Managing Switchover, Switchback, and Failover Operations

4 Managing Switchover, Switchback, and Failover Operations

Learn how to perform switchover, switchback, and failover for your Oracle Fusion Middleware Disaster Recovery topology.

This chapter includes the following topics.

Performing a Switchover

A switchover is a planned operation that sets the secondary site as the production role.

This operation is needed when you plan to take down the production site (for example, to perform maintenance) and make the current secondary site as the production site.

To perform a switchover operation:

Shut down any processes running on the production site. These include the Oracle Fusion Middleware instances, and any other processes in the application tier and in the web tier.
Stop the replication between the production site shared storage and the secondary site shared storage. If you are using shared storage replication, pause the replications. If you have scheduled jobs with rsync to update configuration on a regular basis, ensure to either stop the jobs or schedule the replication windows so that they do not interfere with the planned switchover.
When using storage replication, unmount the shared storage volume with the middle-tier artifacts on the current production site and mount the corresponding volumes on the current secondary site which is the new production site.
Use Oracle Data Guard to switchover the databases.
On the secondary site host, manually start all the processes. These include the Oracle Fusion Middleware instances, and any other processes in the application tier and the web tier.
Ensure that all user requests are routed to the secondary site by performing a global DNS push or something similar such as updating the global load balancer. See the Wide Area DNS Operations section.
Use a browser client to perform post switchover testing to confirm that requests are being resolved and redirected to the secondary site.

At this point, the former secondary site is the new production site and the former production site is the new secondary site.
Reestablish the replication between the two sites but configure the replication so that the snapshot or rsync copies go in the opposite direction (from the current production site to the current secondary site). See the documentation for your shared storage to learn how to configure the replication so that snapshot copies are transferred in the opposite direction.

At this point, the former secondary site becomes the new production site, and you can perform maintenance at the original production site. After you have carried out the maintenance of the original production site, you can use it either as the production site or the secondary site.

To use the original production site as the production site, perform a switchback as explained in Performing a Switchback.

Performing a Switchback

A switchback operation reverts the roles of the current production and secondary sites.

To perform a switchback operation:

Shut down any processes running on the current production site. These include the Oracle Fusion Middleware instances, and any other processes in the application tier and the web tier.
Stop the replication between the production site shared storage and the secondary site shared storage. If you are using shared storage replication, pause the replications.

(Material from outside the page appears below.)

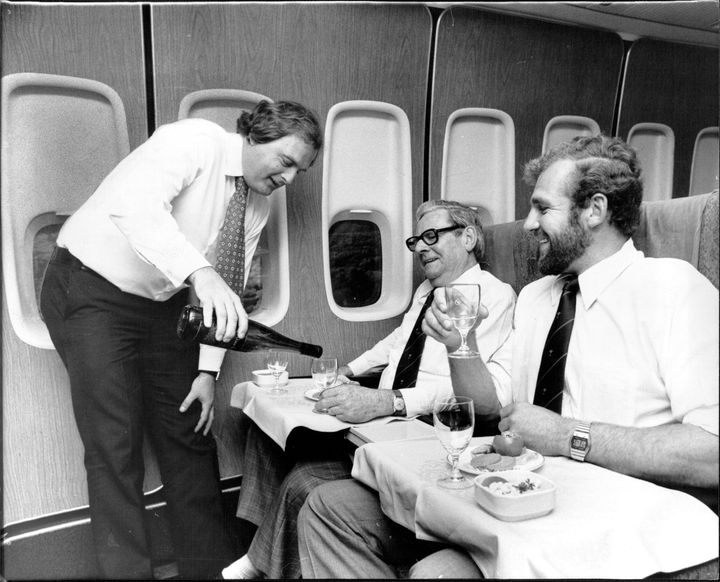 John Fordham, Qantas' marketing promotions manager, serves the president of the Australian Rugby Union, Bill McLaughlin, and player Greg Cornelsen in 1979.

If you have scheduled jobs with rsync to update configuration on a regular basis, ensure to either stop the jobs or schedule the replication windows so that they do not interfere with the planned switchback.
When using storage replication, unmount the shared storage volume with the middle-tier artifacts on the current production site and mount the corresponding volumes on the current secondary site which is the new production site.
Use Oracle Data Guard to switchback the databases.
On the new production site hosts, manually start all the processes. These include Oracle Fusion Middleware instances and any other processes in the application tier and the web tier.
Ensure that all user requests are routed to the secondary site by performing a global DNS push or something similar, such as updating the global load balancer. See Wide Area DNS Operations section.
Use a browser client to perform post switchback testing to confirm that requests are being resolved and redirected to the new production site.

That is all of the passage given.